Raila seeks new rules for ODM polls
Party leader Raila Odinga on Friday announced that primaries will be held a year to the General Election to create time to resolve disputes.
This will also give unpopular candidates time to jump ship if they so wish, Mr Odinga said in Kanyuor village, Migori County during the burial of Mzee Nelson Onyango, the father of his spokesman Dennis Onyango.
Mr Odinga said the Orange party experienced a lot of internal revolt in the run up to the 2013 elections due to rushed nominations.
“We had no time to correct the anomalies and this pushed popular candidates, who are our members, to get elected on other party tickets,” he said amid cheers.
“I remember floating the idea in a party meeting before the polls but MPs shot it down. They argued that losers would get adequate time to defect but this time I am going to stand firm and primaries will be conducted 12 months before every General Election.”

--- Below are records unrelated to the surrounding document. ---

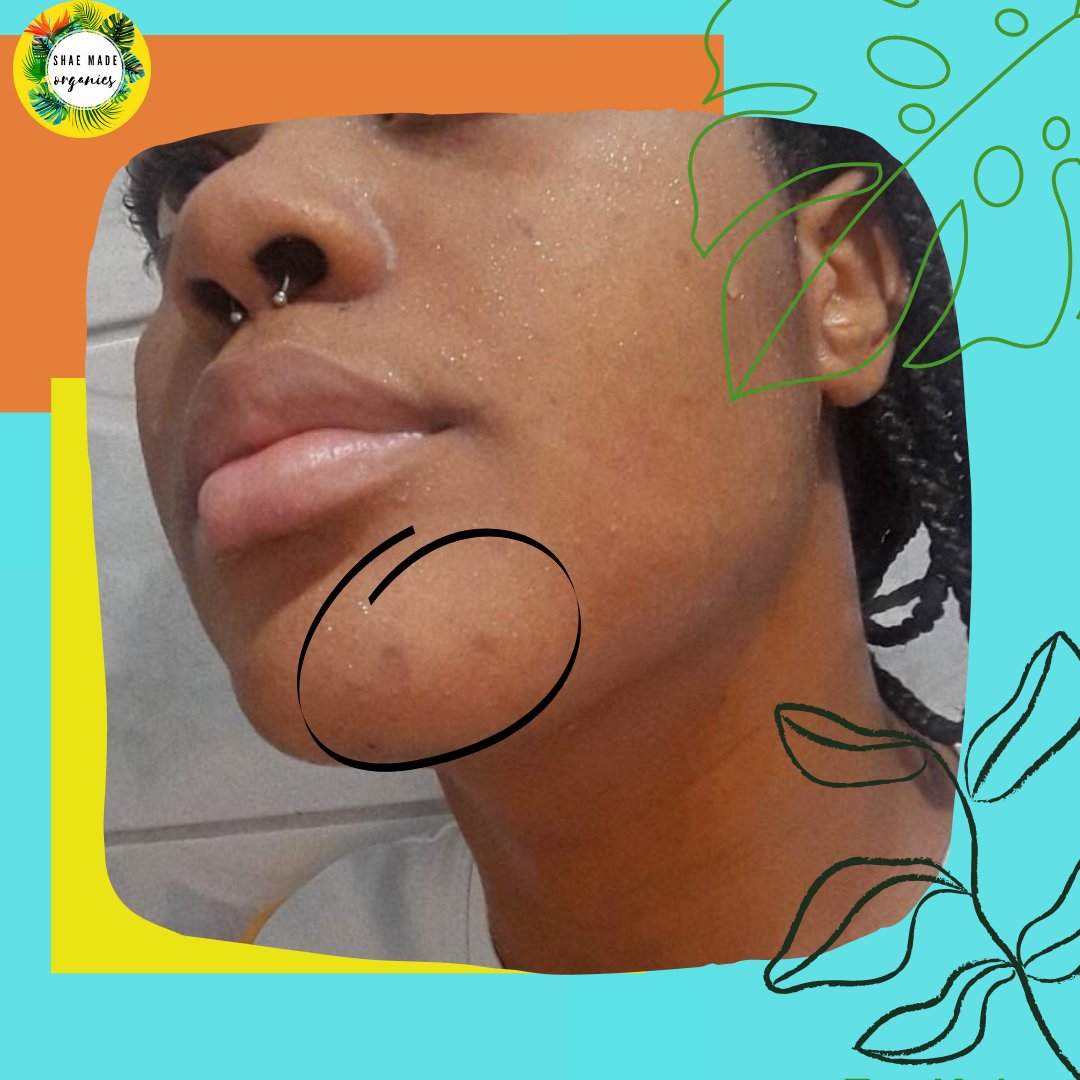 shaemadeorganic's tweet photo. Preorder today 💛
Properties of the OG Soap Bar:

🌱Reduces swelling and inflammation  of the skin

🌱Acne prevention

🌱Kills bacteria

🌱Exfoliant

🌱Anti-aging

🌱Relieves skin itching 

Only $600 JMD
#shaemadeorganics
#smo #smallbusines https://t.co/LpnRSicFQY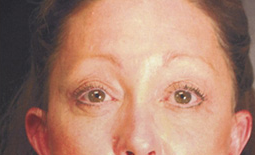 Blepharoplasty Before and After Pictures Plano, TX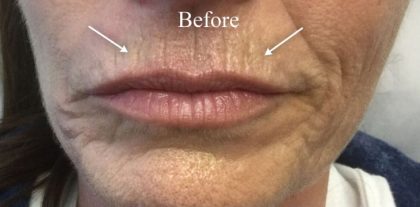 Facial Rejuvenation Before & After Patient #16459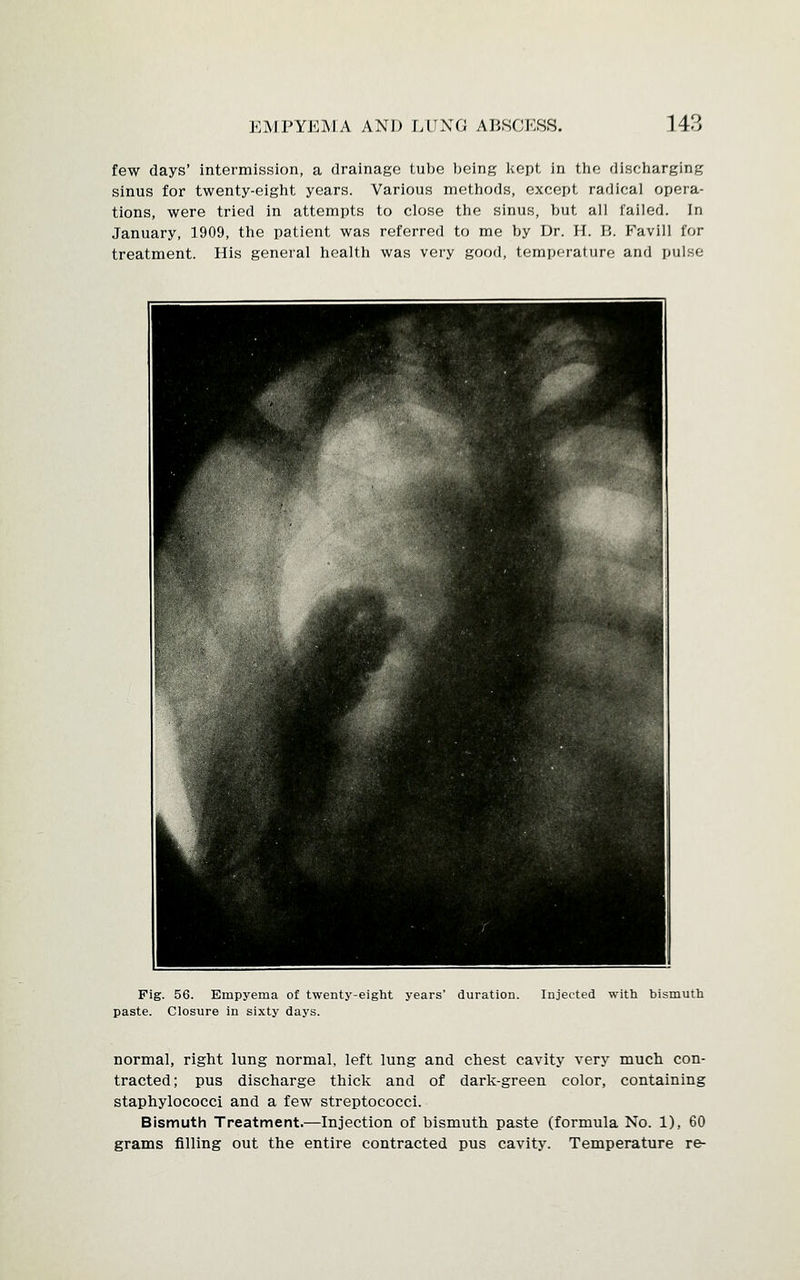 few days' intermission, a drainage tube being kept in the discharging sinus for twenty-eight years. Various methods, except radical opera- tions, were tried in attempts to close the sinus, but all failed. In January, 1909, the patient was referred to me by Dr. H. B. Favill for treatment. His general health was very good, temperature and pulse Pig. 56. Empyema of twenty-eight years' duration, paste. Closure in sixty days. Injected with bismuth normal, right lung normal, left lung and chest cavity very much con- tracted; pus discharge thick and of dark-green color, containing staphylococci and a few streptococci. Bismuth Treatment.—Injection of bismuth paste (formula No. 1), 60 grams filling out the entire contracted pus cavity. Temperature re-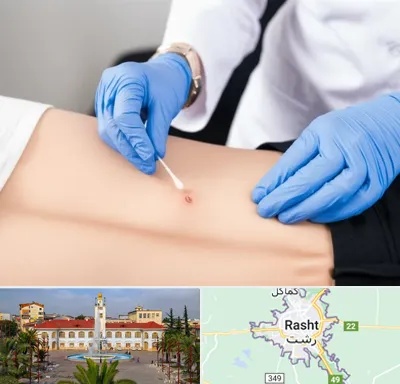 متخصص زخم بستر در رشت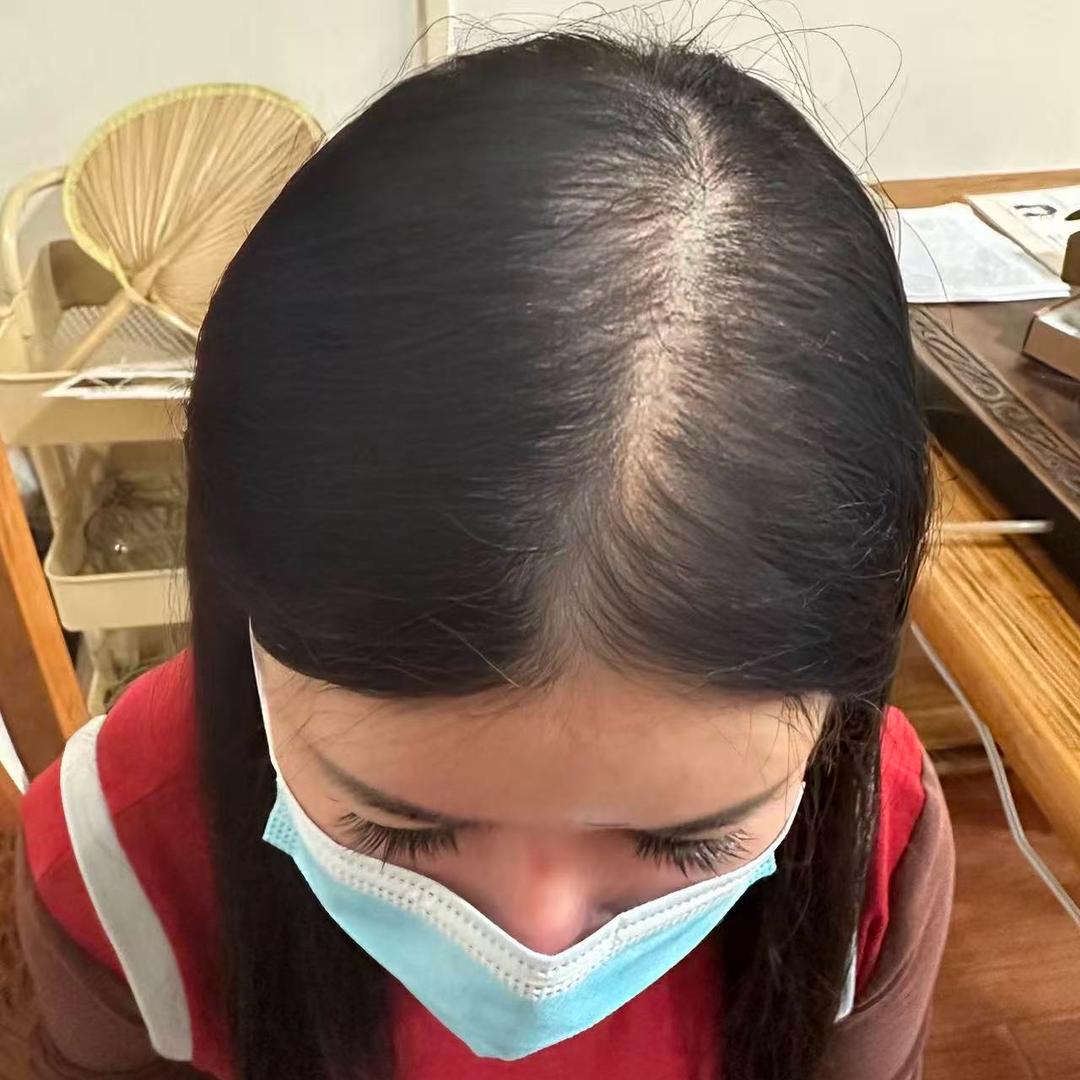 妮妮妈妈带你养发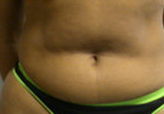 Patient # 86135 Before Photo # 1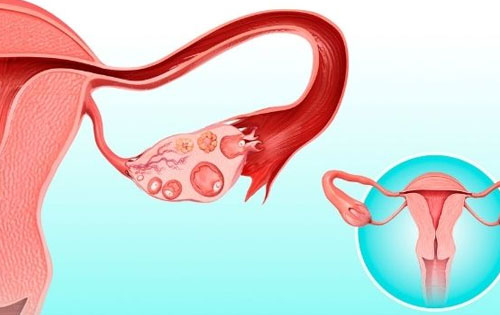 Ovulation Induction
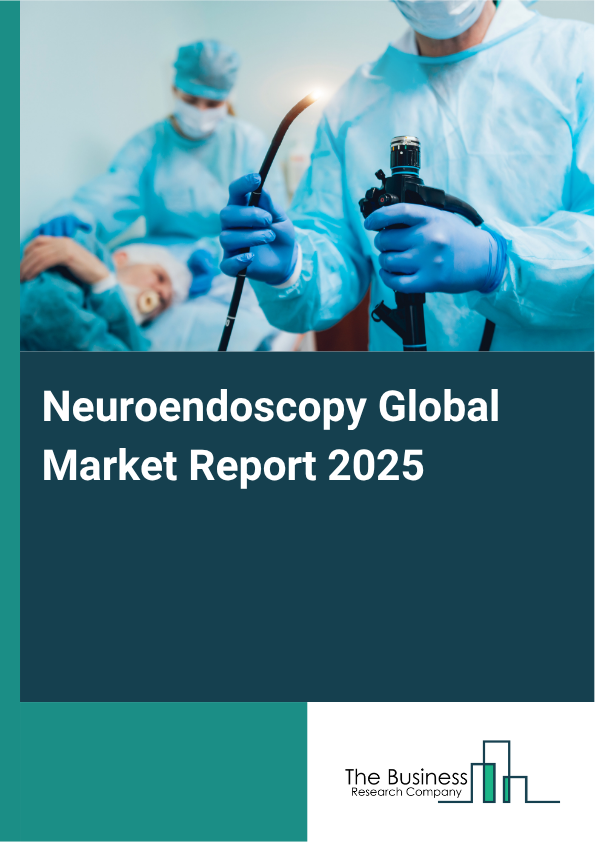 Global Neuroendoscopy Market Report 2025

Mr Odinga said members of the Orange party did not like “the way we conducted our nominations and others felt cheated and this caused us some seats”.
During the last polls, “popular losers” from ODM moved to other parties and won in the subsequent General Election.
The nomination storm was kicked off by the Migori Governor Okoth Obado who demanded that people’s wishes be respected by the party.
“We are all in ODM but we want the playing ground to be level for everybody. We must allow internal democracy to flourish,” he said.
Mr Obado who was elected on a Peoples Democratic Party ticket after losing the Orange nominations to Prof Edward Oyugi, said some people in Nyanza had perfected the art of buying nomination certificates from Orange House during primaries.
“Baba (father) help us remove this bad and unethical practice from the party. Certificates should be given to popular candidates not highest bidders,” said Mr Obado amid applause.
DEVOLUTION UNDER THREAT
On the referendum, Mr Odinga said continued skewed distribution of public resources and jobs had strengthened their resolve to push on with the plebiscite.
He said devolution was under threat from people who opposed the new Constitution and all Kenyans must stand up to defend it.
“We are going to the referendum no matter what they say. We are focused on how to develop all regions, irrespective of political allegiance of a community,” Mr Odinga said.
The Jubilee administration, he added, always urges all Kenyans to pay taxes but only a few are favoured during distribution of public funds.
Mr Odinga demanded that all land issues be handled by the County Land Boards and the National Land Commission and “not the busybodies appointed to interfere with the sensitive and emotive subject”.
He announced that Cord will not participate in the next polls with the current IEBC as constituted.
“We will not participate in another sham election and this time we are more than serious,” he said.
The Cord leader said devolution had saved Kenyans from “sending delegations to State House to beg for goodies” and called for protection of devolved units.
Mr Obado complained to Mr Odinga that deputy Minority Leader in the National Assembly Jakoyo Midiwo and Siaya Senator James Orengo were interfering with his administration.
“They have colluded with some unpopular leaders to undermine me and my administration. Help me tame these guys,” he pleaded.
Suba MP John Mbadi, Suna West MP Joseph Ndiege and Homa Bay County MP Gladys Wanga told national government leaders to stop bothering governors to account for money given to them when their administration was “stinking of graft, nepotism and inefficiency”.
They told the Jubilee administration to first account for public funds they have collected from Kenyans.
The two leaders also demanded increased security for Mr Odinga in the wake of the Kwale clobbering.
Mr Odinga claimed his attacker was sent by somebody, saying: “I am now going to deal with the sender.”